Problem:
Every record below should be retyped exactly, and no picture should appear in the copy.

Recorded information Start Marker

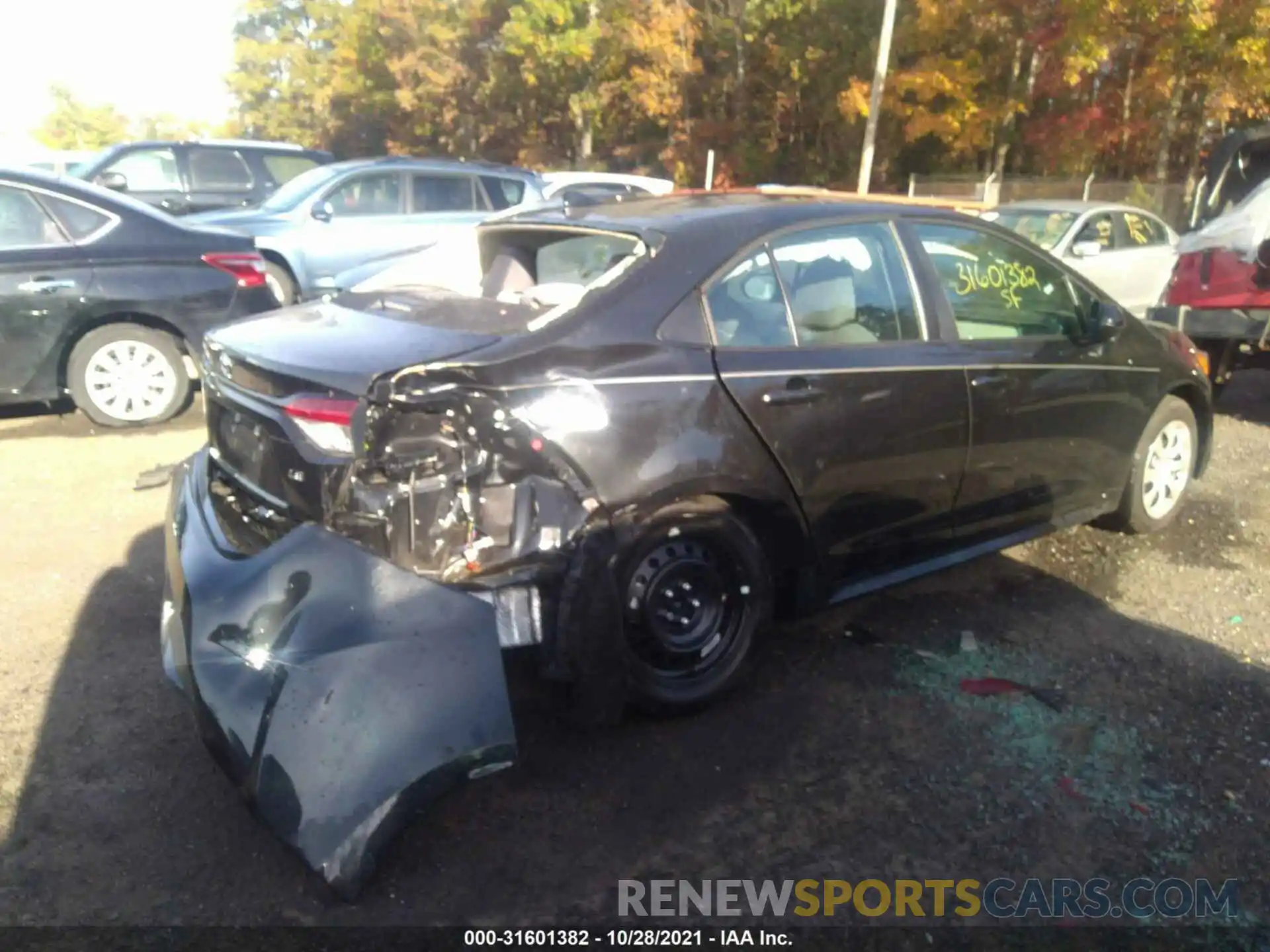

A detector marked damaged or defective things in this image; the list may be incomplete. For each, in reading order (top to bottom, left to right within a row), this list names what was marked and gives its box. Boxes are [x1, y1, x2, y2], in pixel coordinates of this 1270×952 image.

exposed wheel well [60, 311, 189, 388]
detached rear bumper cover [159, 446, 515, 893]
damaged dark sedan [159, 190, 1208, 898]
exposed wheel well [1163, 383, 1204, 477]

Recorded information End Marker

Exercise answer:
A detector marked damaged or defective things in this image; the list may be incomplete. For each, in reading order (top to bottom, left to right within a row), this list names what was marked and gives its box. Boxes are [x1, y1, x2, y2], in pixel coordinates of this 1270×952 image.

exposed wheel well [60, 311, 189, 388]
detached rear bumper cover [159, 446, 515, 893]
damaged dark sedan [159, 190, 1208, 898]
exposed wheel well [1163, 383, 1204, 477]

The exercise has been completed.